--- TASK ITEM ---
Quote the whole listing exactly. Leave the pictures out of your copy.

--- EXERCISE DATA ---
════

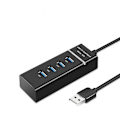 Miniatyrbild 3 av 5: 4-port Usb 3.0 Hub, Ultra-slim Data Usb Hub With 30cm Extended Cable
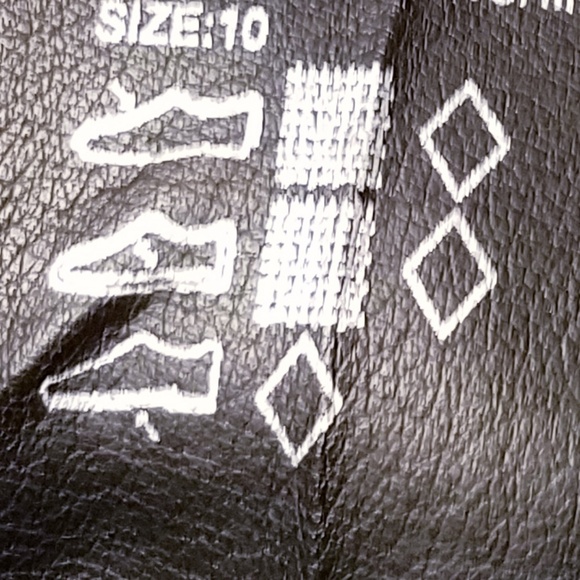 Urban Outfitters Claude Black Combat Boot 10 - Picture 4 of 5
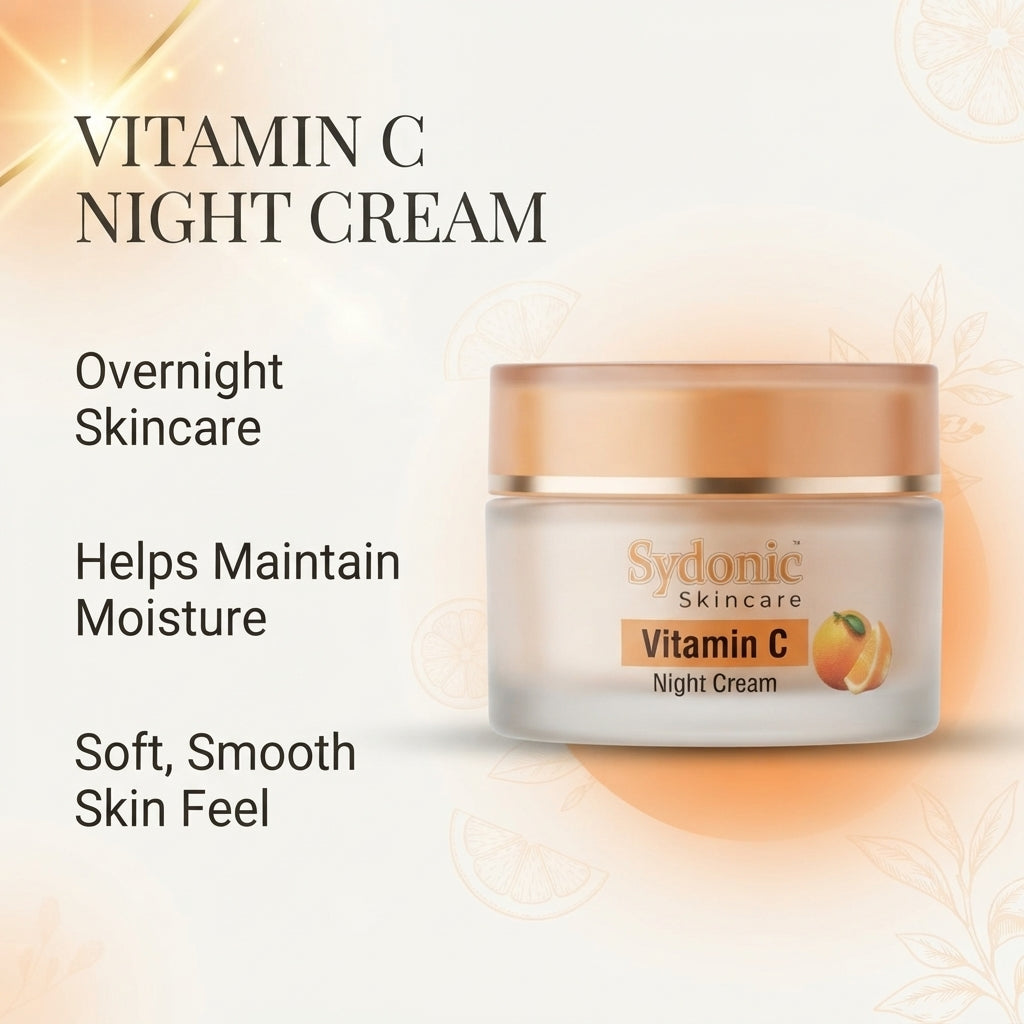 Sydonic Vitamin C Night Cream – Overnight Skincare & Hydration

════

--- EXERCISE OUTPUT ---
 Miniatyrbild 3 av 5: 4-port Usb 3.0 Hub, Ultra-slim Data Usb Hub With 30cm Extended Cable
 Urban Outfitters Claude Black Combat Boot 10 - Picture 4 of 5
 Sydonic Vitamin C Night Cream – Overnight Skincare & Hydration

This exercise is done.